UPDATE (2018-06-28): I actually sent a link to this article to the author of the previous blog post and in her reply she indicates that the improvements to cache management and checkpoint areas were more likely to have improved my situation. Just wanted to call out how approachable the MongoDB team is even with these one-off type issues :). Thanks Sue!
UPDATE (2018-06-21): As we were running MongoDB 3.0.15 while all these issues were going on it’s entirely possible that the optimizations made to the write-ahead log of WiredTiger may have also contributed to this improvement in performance :)
Our MongoDB cluster is configured with three (3) servers: 1x primary (write-enabled) and 2x secondaries (read-only). These are running on Azure DS14v2 VMs with 8TB of storage (8x 1TB striped via LVM as these were the largest premium SSD-based data disks available at the time).
Aside from the servers being scaled up periodically, this configuration has been constant since the inception of the product.
The only major upgrade came in the form of a migration from 2.6 to 3.0 in 2015. At the time this was a major shift as it required rewriting a number of the underlying system scripts as well as introducing LRS-based storage to try and squeeze some additional performance out of the disks. Why optimize for IOPS? Because the reporting platform was designed to copy a lot of data back and forth in order to generate reports segmented by dimension (“Group”, “Company”, “Country”, “State”, “City”).
This chart (48 hours sampled from 1 week ago) shows Cache Usage spiking and Replication Lag spiking. The cache spikes occur as new writes trigger index activity, which invalidates (dirties) cached memory and causes cache eviction.
This slows down the speed at which the secondaries can request data from the primary, which spikes the lag. When the secondaries request more data, it would lock up the primary, which in turn affected the primary server’s ability to ingest new content and write it to disk. The read/write buffers back up and new write requests are throttled.
Note — As of MongoDB 4.0, non-blocking secondary reads have been added to address these types of latency issues.
This type of cascading failure was almost exclusively seen when a large batch process was being run in the morning directly on the primary mongod instance in the mornings..
This chart (48 hours sampled from 2 weeks ago) shows similar behaviour. The vertical lines show points at which we were forced to restart instances or cycle the primary server in order to recover resources.
You’ll notice that cache usage hits a certain point on the primary (left) server after which we have to kill the instance. The replication lag on the secondaries is also inconsistent, which would lead us to believe that the consumption rates from the primary are being affected by either network performance or disk performance.
In the absence of dedicated DevOps, DBAs or Infrastructure Engineers, the development teams have spent a significant amount of time learning to tune and troubleshoot this installation. Due to lack of specialization though occasionally issues may be misdiagnosed.
We completed a significant upgrade on Tuesday that brings our cluster up to mongodb-server 3.4.15 (from 3.0.15).

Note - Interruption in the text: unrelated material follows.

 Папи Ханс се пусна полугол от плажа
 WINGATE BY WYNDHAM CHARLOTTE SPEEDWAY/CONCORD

The 3.0 series was first introduced in March 2015, with an end of life of February 2018. As no further security updates are being released, we’ve been coordinating tests with the product development teams for the past 12 months in order to prepare for a major upgrade.
Now that we’ve been running 3.4 in production for a few days I checked the same 48 hour sample and found something interesting …

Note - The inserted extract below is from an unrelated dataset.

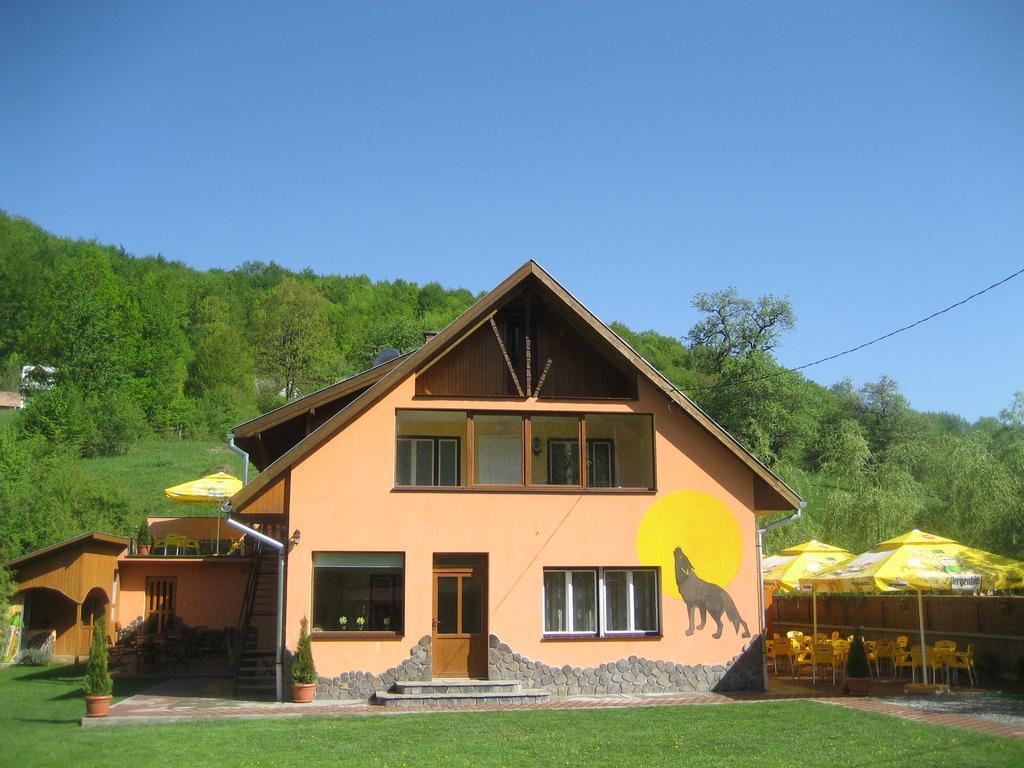 Pensiunea Colt Alb Baile Homorod Exterior photo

The cache usage has remained steady since we turned the instances on. The replication lag also hasn’t gone much higher than a minute in the past few days (this could creep up to over an hour in the past!).
These samples include report generation for all products as well, so they represent the same load. We’ll have to continue to monitor this, but the initial results seem to show that a lot of the pain we’ve been suffering through may have stemmed from outdated software.

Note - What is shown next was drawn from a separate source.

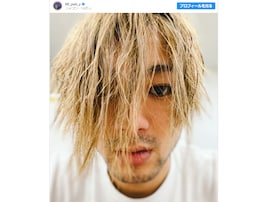 「廃人じゃねぇか」山田裕貴、ひげ面＆ぼさぼさヘアのワイルドすぎる姿に「めっちゃかこいいやないか」の声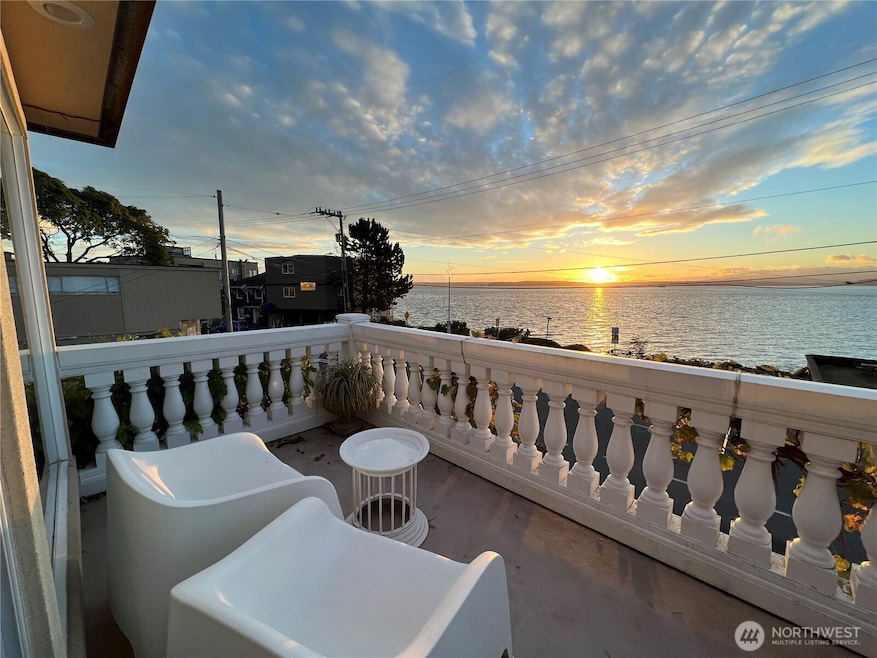 4030 Beach Dr SW, Seattle, WA 98116 - photo 1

The way the review report is generated is still extremely inefficient, but if we continue seeing results like this for the foreseeable future then the urgency of redesigning that product drops and can be properly managed.
Here are some lessons we learned as a result of this investigation:
Measure Everything — Without proper telemetry in place, not only is it difficult to identify negative trends, but it’s almost impossible to showcase the success of any change or action.
Understand Your Tech — Whether you’re using hosted, provisioned, on-premise, containerized, PAAS or some other solution as part of the application architecture, make sure you really understand how to use it, and how to support it. When MongoDB was introduced to the project it was done so to fill a specific need. Once that need was filled, resourcing discussions surrounding maintainability and support should likely have been prioritized.
Document Everything — As discoveries are made, write them down and share them. Knowledge sharing is even more important when you’re dealing with issues that go beyond the standard requirements of “application development”.
Ask For Help — When it becomes necessary to step outside your comfort zone to solve a problem, a fresh perspective can be welcome.
Hopefully this journey benefits someone else in a similar situation.